Sollte keine Mehrheit für das Abkommen zustande kommen, will May bis 13. März dem Unterhaus die Frage vorlegen, ob die Abgeordneten einen Brexit ohne Vertrag wollen. „Das Vereinigte Königreich wird also nur ohne Deal am 29. März ausscheiden, wenn es die explizite Zustimmung dieses Hauses dazu gibt“, sagte May. Falls das Parlament Nein sagt, will May am 14. März den Vorschlag machen, bei der EU eine „begrenzte Verlängerung“ der zweijährigen Austrittsfrist zu beantragen. Eine Verschiebung wäre so gut wie sicher eine einmalige Angelegenheit und solle nicht länger als bis Ende Juni gelten. Stimmen die Abgeordneten und dann auch die EU zu, würde Großbritannien nicht am 29. März ausscheiden.

Die Gefahr eines britischen EU-Austritts mit Chaos und Unsicherheit ist damit vorerst kleiner geworden. Noch ist sie aber nicht gebannt. Denn bislang sind weder eine Mehrheit für das ausgehandelte Abkommen noch ein Durchbruch in den Gesprächen mit der Europäischen Union in Sicht.

Offiziell äußerte sich die EU nicht, doch signalisierte ein hochrangiger Vertreter in Brüssel Offenheit, wenn es so weit kommen sollte. „Eine Verlängerung um ein paar Monate wäre relativ einfach.“ Andere EU-Diplomaten wiederum unterstrichen, dass es keinen Durchbruch in der Substanz gebe. „Ich glaube, in der jetzigen Situation wäre eine Verlängerung eine vernünftige Lösung“, sagte am Montag indes EU-Ratspräsident Donald Tusk. Und er versprach „maximales Verständnis und guten Willen“ der übrigen 27 EU-Länder, die eine Verschiebung einstimmig billigen müssten.

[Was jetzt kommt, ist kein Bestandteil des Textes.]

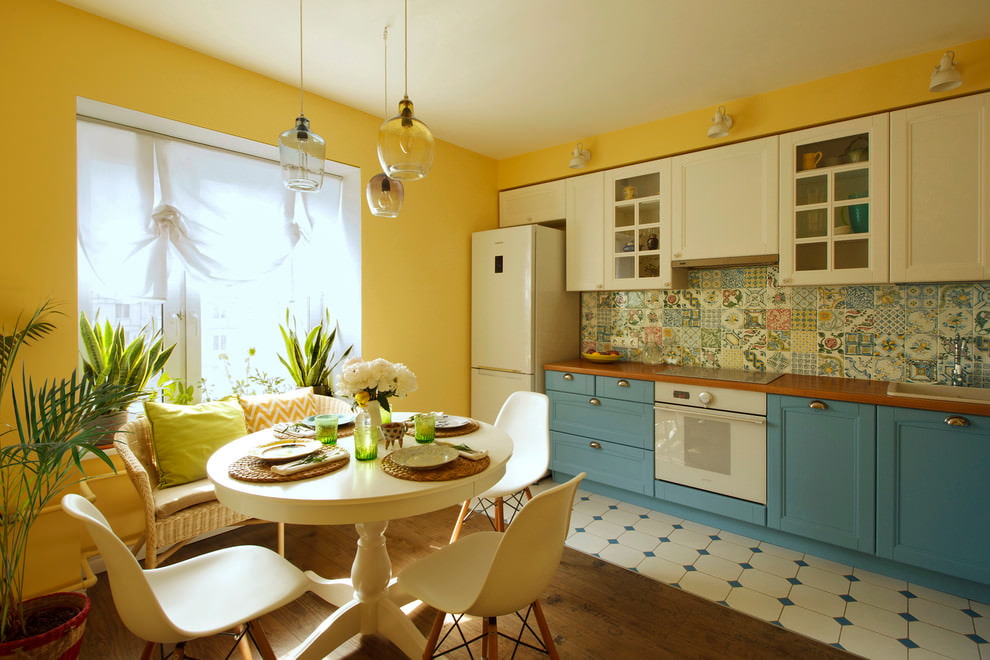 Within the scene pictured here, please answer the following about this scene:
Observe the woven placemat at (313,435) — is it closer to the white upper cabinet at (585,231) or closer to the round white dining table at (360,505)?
the round white dining table at (360,505)

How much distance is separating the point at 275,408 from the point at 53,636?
1339 mm

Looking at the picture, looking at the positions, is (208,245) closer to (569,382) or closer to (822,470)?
(569,382)

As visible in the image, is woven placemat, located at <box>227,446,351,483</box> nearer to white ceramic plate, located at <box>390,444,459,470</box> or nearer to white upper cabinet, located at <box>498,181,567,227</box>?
white ceramic plate, located at <box>390,444,459,470</box>

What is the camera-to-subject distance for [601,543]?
8.90 feet

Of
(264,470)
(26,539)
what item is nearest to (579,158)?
(264,470)

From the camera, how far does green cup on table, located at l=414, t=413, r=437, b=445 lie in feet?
6.30

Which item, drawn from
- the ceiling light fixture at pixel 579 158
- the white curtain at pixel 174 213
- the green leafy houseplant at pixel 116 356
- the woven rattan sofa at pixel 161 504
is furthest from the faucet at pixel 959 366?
the green leafy houseplant at pixel 116 356

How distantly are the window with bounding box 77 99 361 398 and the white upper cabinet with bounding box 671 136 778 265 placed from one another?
2.16m

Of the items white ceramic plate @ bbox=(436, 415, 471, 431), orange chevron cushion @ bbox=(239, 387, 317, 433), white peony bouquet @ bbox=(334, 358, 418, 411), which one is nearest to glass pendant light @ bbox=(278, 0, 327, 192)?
white peony bouquet @ bbox=(334, 358, 418, 411)

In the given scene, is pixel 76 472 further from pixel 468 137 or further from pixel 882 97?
pixel 882 97

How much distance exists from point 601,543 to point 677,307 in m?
1.73

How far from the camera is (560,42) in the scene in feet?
7.97

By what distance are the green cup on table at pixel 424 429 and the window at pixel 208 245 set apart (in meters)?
1.48

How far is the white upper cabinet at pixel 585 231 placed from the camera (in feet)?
11.9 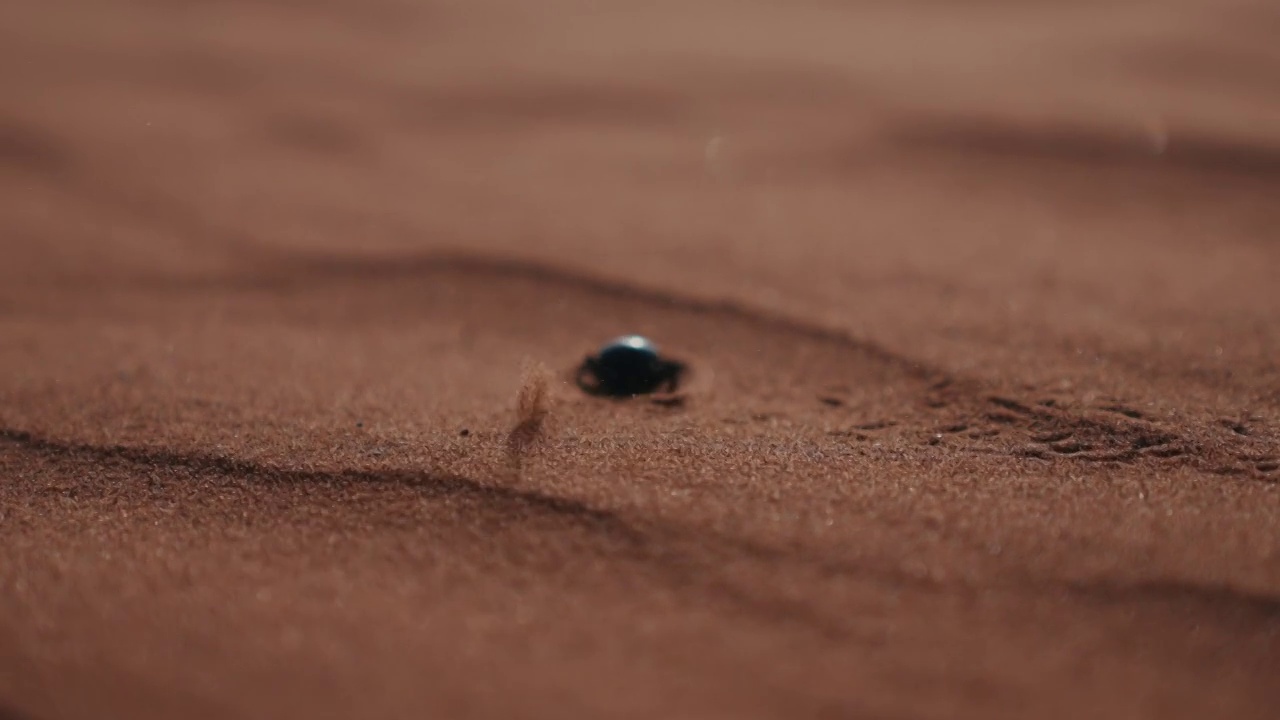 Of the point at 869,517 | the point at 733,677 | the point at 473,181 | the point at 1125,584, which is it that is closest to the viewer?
the point at 733,677

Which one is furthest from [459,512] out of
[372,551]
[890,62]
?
[890,62]

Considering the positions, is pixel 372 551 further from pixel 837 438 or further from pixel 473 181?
pixel 473 181

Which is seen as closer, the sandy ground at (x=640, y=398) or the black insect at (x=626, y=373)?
the sandy ground at (x=640, y=398)

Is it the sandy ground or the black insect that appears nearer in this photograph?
the sandy ground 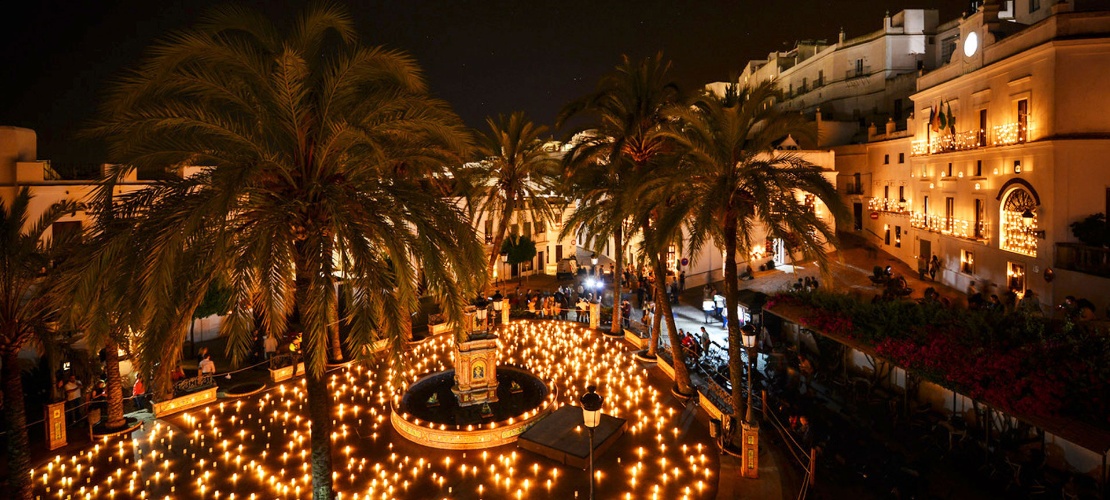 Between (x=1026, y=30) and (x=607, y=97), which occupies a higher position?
(x=1026, y=30)

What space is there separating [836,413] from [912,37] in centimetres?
4184

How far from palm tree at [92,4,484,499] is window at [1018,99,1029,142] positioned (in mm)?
23495

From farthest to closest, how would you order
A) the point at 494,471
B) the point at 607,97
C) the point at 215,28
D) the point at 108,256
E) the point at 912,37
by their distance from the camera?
the point at 912,37 → the point at 607,97 → the point at 494,471 → the point at 215,28 → the point at 108,256

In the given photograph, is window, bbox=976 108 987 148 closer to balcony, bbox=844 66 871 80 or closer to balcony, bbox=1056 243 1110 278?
balcony, bbox=1056 243 1110 278

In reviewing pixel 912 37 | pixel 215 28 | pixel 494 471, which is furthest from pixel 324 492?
pixel 912 37

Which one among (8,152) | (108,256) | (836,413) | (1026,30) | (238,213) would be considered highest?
(1026,30)

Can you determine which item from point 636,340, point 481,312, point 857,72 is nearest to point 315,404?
point 481,312

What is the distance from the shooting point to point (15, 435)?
935cm

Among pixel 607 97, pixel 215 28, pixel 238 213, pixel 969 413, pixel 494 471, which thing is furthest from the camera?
pixel 607 97

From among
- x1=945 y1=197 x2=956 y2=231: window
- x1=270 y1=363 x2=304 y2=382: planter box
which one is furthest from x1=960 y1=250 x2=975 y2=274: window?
x1=270 y1=363 x2=304 y2=382: planter box

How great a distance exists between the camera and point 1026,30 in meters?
20.6

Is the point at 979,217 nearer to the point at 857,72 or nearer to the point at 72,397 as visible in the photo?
the point at 857,72

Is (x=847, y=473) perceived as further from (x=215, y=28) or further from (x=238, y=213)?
(x=215, y=28)

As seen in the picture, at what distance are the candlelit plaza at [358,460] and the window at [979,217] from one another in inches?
735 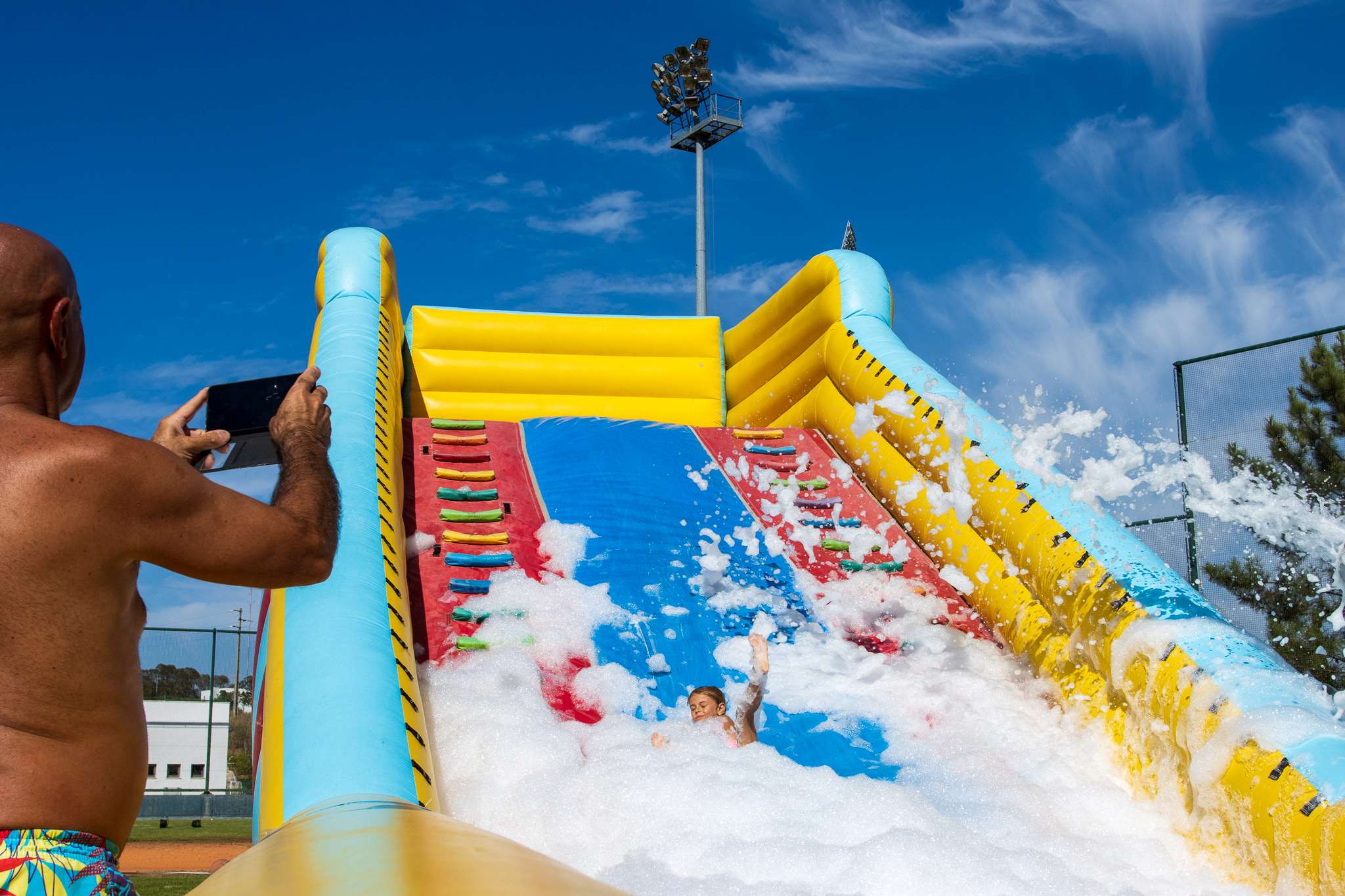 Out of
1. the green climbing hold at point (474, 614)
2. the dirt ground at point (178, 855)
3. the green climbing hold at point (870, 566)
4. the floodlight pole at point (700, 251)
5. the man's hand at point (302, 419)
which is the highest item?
the floodlight pole at point (700, 251)

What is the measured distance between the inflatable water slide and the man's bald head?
1.57 ft

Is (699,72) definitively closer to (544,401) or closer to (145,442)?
(544,401)

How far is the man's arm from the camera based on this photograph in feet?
3.08

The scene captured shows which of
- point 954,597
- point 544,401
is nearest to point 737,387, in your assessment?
point 544,401

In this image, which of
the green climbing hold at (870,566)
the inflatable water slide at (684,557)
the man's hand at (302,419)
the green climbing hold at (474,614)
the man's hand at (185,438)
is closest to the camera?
the man's hand at (302,419)

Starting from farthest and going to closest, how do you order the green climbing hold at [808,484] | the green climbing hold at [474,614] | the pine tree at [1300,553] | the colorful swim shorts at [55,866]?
the pine tree at [1300,553] < the green climbing hold at [808,484] < the green climbing hold at [474,614] < the colorful swim shorts at [55,866]

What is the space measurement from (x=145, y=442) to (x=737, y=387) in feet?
15.3

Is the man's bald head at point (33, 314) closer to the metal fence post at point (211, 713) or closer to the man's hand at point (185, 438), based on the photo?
the man's hand at point (185, 438)

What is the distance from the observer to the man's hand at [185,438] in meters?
1.32

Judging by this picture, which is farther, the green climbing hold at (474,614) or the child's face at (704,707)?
the green climbing hold at (474,614)

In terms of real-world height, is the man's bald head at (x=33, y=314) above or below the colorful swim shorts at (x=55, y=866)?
above

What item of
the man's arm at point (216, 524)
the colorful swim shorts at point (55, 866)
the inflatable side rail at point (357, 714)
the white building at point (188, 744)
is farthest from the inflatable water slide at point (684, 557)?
the white building at point (188, 744)

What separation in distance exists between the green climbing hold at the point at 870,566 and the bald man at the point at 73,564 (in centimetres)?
271

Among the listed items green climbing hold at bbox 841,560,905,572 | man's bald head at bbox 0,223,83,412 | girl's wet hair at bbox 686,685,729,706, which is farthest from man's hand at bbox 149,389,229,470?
green climbing hold at bbox 841,560,905,572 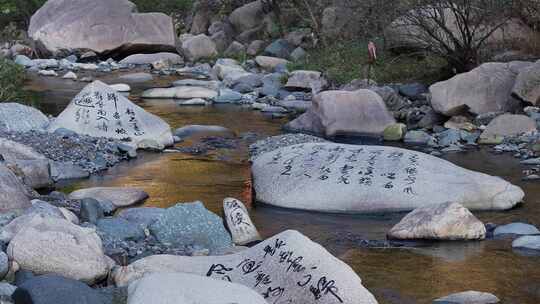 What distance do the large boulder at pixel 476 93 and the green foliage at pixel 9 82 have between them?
6782mm

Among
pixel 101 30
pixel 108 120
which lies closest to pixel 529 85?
pixel 108 120

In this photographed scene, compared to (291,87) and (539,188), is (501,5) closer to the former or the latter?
(291,87)

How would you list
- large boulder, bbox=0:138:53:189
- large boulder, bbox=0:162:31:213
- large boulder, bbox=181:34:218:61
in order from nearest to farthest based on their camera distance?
large boulder, bbox=0:162:31:213 → large boulder, bbox=0:138:53:189 → large boulder, bbox=181:34:218:61

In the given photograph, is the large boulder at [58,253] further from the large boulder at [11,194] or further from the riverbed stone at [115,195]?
the riverbed stone at [115,195]

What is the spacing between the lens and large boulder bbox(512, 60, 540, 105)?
42.1ft

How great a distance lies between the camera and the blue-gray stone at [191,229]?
7.38m

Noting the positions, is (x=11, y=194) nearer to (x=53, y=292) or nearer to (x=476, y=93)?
(x=53, y=292)

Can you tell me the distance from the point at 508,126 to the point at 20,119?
6.79m

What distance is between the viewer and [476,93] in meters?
13.3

Zur Zeitspanne äußerte sich Tusk allerdings nicht. Als Hürde gilt die Europawahl vom 23. bis 26. Mai. Als EU-Mitglied müsste Großbritannien Abgeordnete wählen lassen. Auch May erklärte das zum Problem: „Eine Verlängerung bis nach Ende Juni würde bedeuten, dass Großbritannien sich an den Europawahlen beteiligen würde. Welche Botschaft würde das an die mehr als 17 Millionen Menschen senden, die vor fast drei Jahren dafür gestimmt haben, die EU zu verlassen?“ Nähme Großbritannien nicht an der Wahl teil, sei aber eine zweite Verschiebung extrem schwierig, sagte May, und die Gefahr eines No Deal Ende Juni damit noch höher. Sie betonte, dass sie eigentlich keine Verschiebung des Brexit-Termins wolle.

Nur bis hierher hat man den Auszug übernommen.